» **Work request**: As the answer, give exactly the lines of the records below from the one with "SON DAKİKA: Futbol" through the one with "MAVIC DEEMAX PRO MIPS Casco MTB Giallo", ends included and pictures left out.

» **Data shown**:
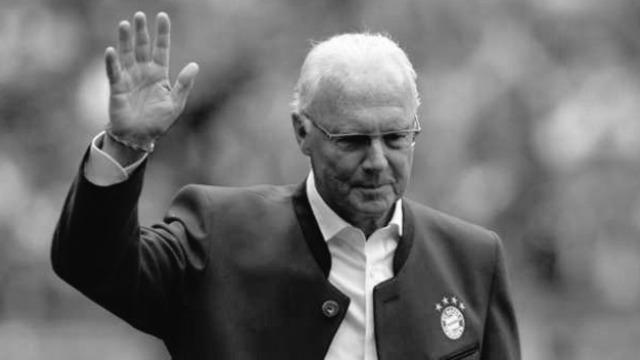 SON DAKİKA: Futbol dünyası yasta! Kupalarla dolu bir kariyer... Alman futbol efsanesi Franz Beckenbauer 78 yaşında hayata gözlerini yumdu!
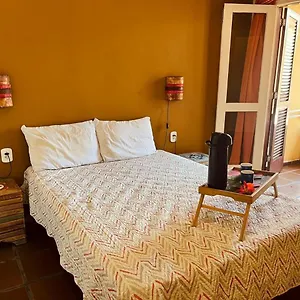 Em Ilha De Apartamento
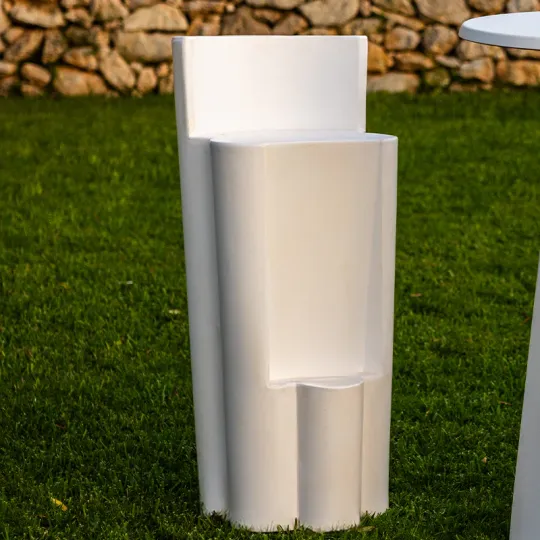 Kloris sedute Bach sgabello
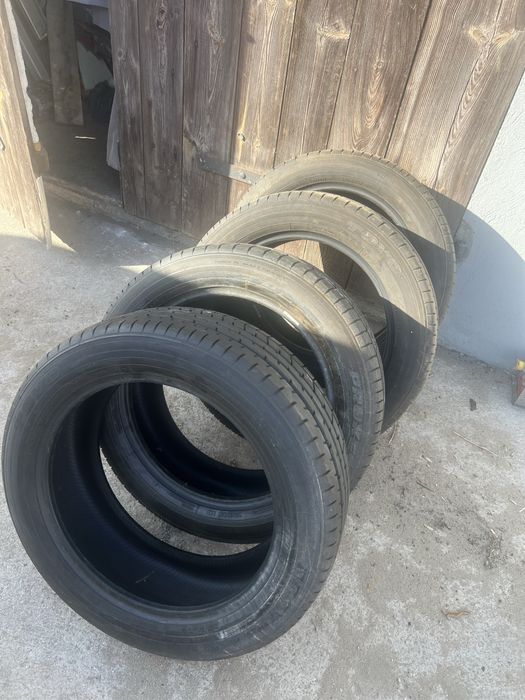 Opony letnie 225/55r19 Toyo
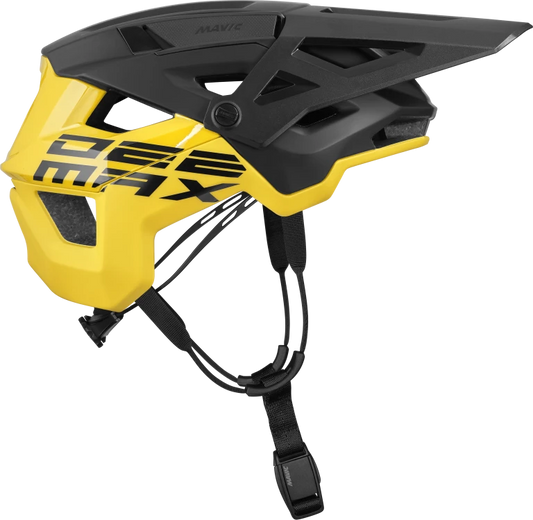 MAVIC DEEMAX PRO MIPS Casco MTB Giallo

* * *

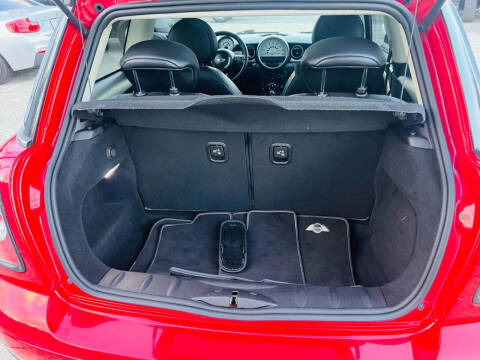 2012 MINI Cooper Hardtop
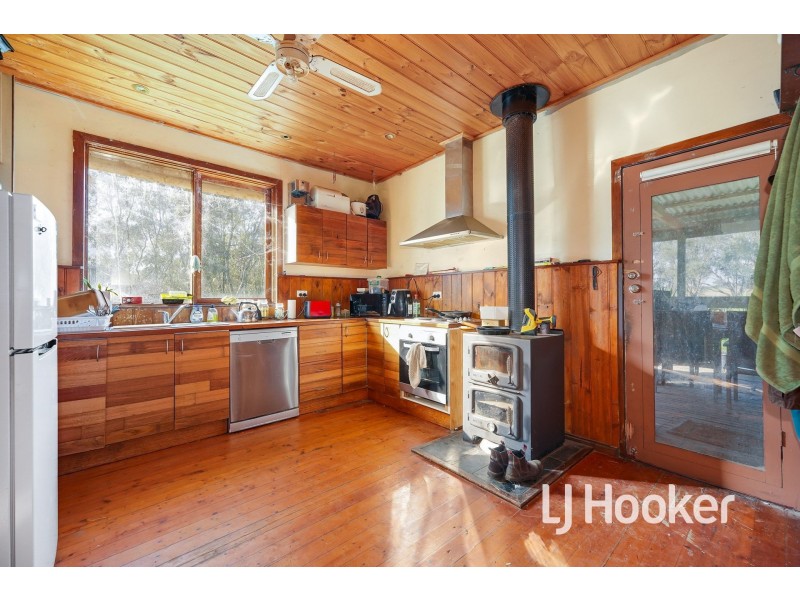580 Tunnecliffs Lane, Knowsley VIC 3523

» **Solution for this exercise**:
 SON DAKİKA: Futbol dünyası yasta! Kupalarla dolu bir kariyer... Alman futbol efsanesi Franz Beckenbauer 78 yaşında hayata gözlerini yumdu!
 Em Ilha De Apartamento
 Kloris sedute Bach sgabello
 Opony letnie 225/55r19 Toyo
 MAVIC DEEMAX PRO MIPS Casco MTB Giallo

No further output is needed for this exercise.